Reeves had the two weapons that modern agitators need: intellect and Internet. He mined the Web for Sudanese info, then e-mailed policymakers, church groups and members of the press, denouncing America's indifference to the conflict. Albright, who had made the mistake of saying that "the human rights situation in Sudan is not marketable to the American people," did not come off too well. Reeves hammered home the northern government's appalling tactics against the people of the south -- the condoning of slavery, the helicopter attacks on schools and hospitals, the ethnic cleansing of tribes that inconveniently inhabited oil fields. The Reeves e-mails were too authoritative to ignore. I first came across Reeves when a State Department official couldn't answer my questions and referred me to him.

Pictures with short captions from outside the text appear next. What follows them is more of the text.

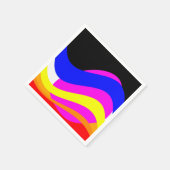Serviette En Papier Coucher de soleil sur la mer (Coin)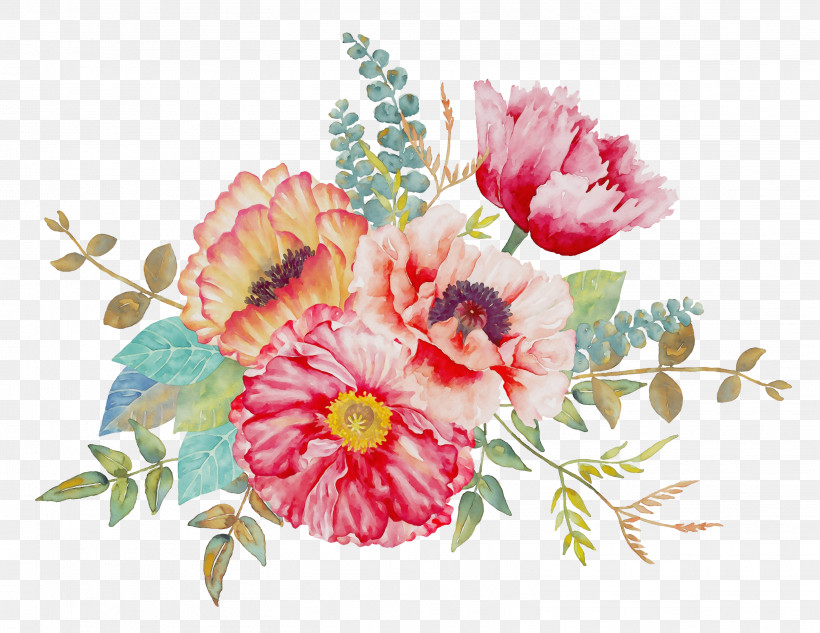 Floral Design, PNG, 3107x2401px, Watercolor, Cut Flowers, Floral Design, Flower, Flower Bouquet Download Free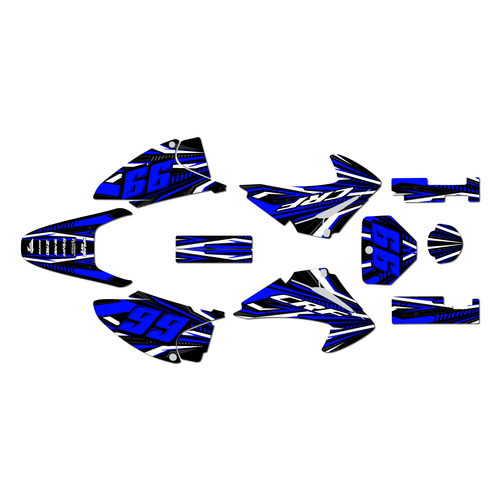 honda crf150f graphics kit 2003-2007 prime series blue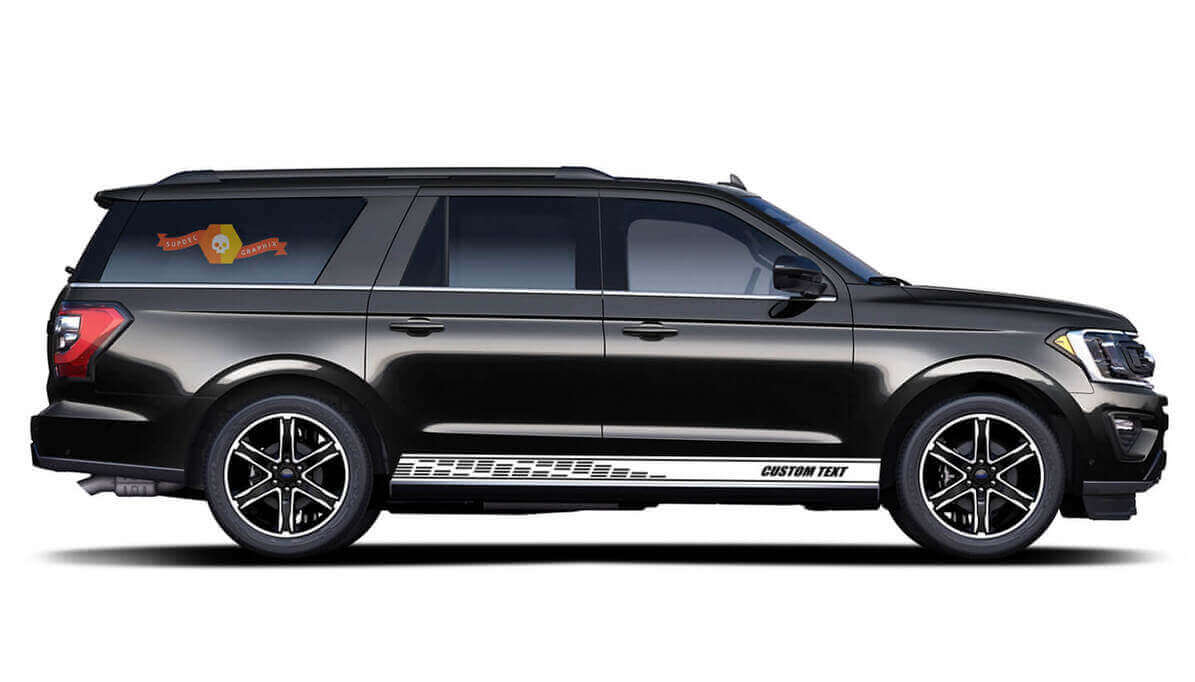 Adesivo in Vinile Personalizzato con Strisce Laterali Perforate per Musclecar Expedition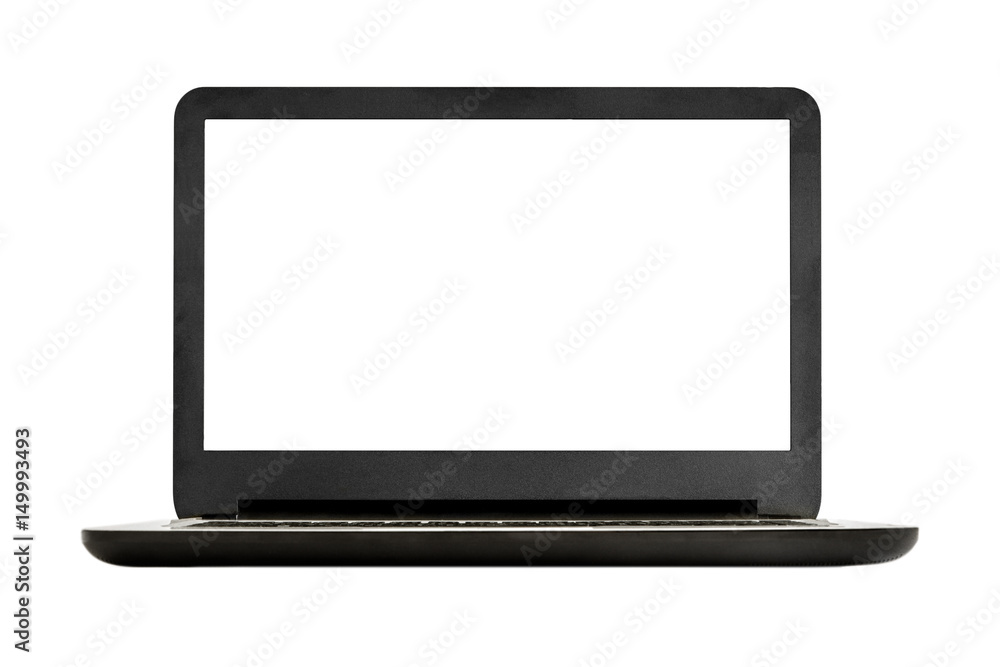 Laptop computer with blank screen Laptop computer with blank screen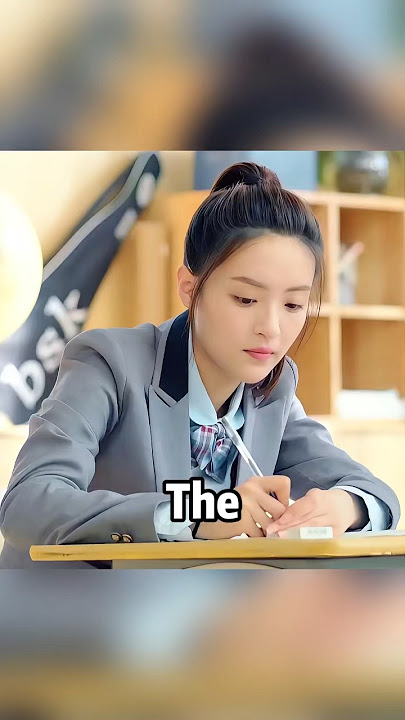 The girl is a straight-A student,but she deliberately cheated in exams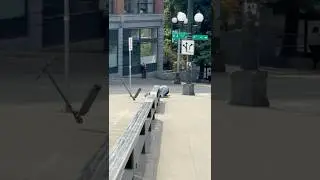 Kai Martin taking a header at the Seattle Street Jam &lsquo;25 #blandproshop #envyscooters #scootering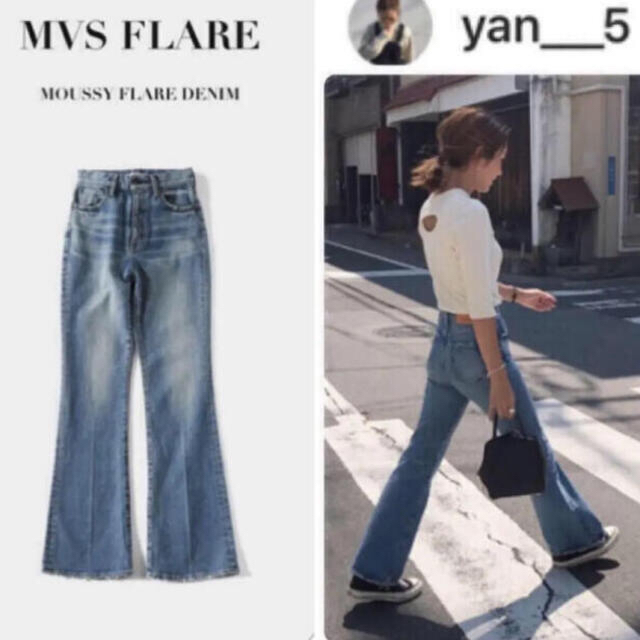 moussy - 新品タグ付き♡MOUSSY MVS flare♡フレアデニムの通販 by n&k ...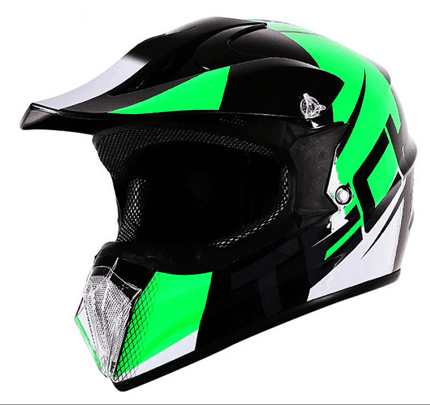 Casca moto, model RACING GREEN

It's worth recalling the Reeves-Albright battle because we seem likely to forget its lesson. President Bush's inflated rhetoric, together with Iraq's turmoil, may discredit the idea that foreign policy should be rooted in unabashedly moral claims: that the United States should spread freedom, right human wrongs, aspire to plant democracy. But the Eric Reeves story shows why U.S. foreign policy not only shouldn't lose its moral compass; in all likelihood it can't. For if America's leaders lapse into amoral word-mincing, ordinary citizens will rise up, and their protests will spread at broadband speed to every corner of the nation.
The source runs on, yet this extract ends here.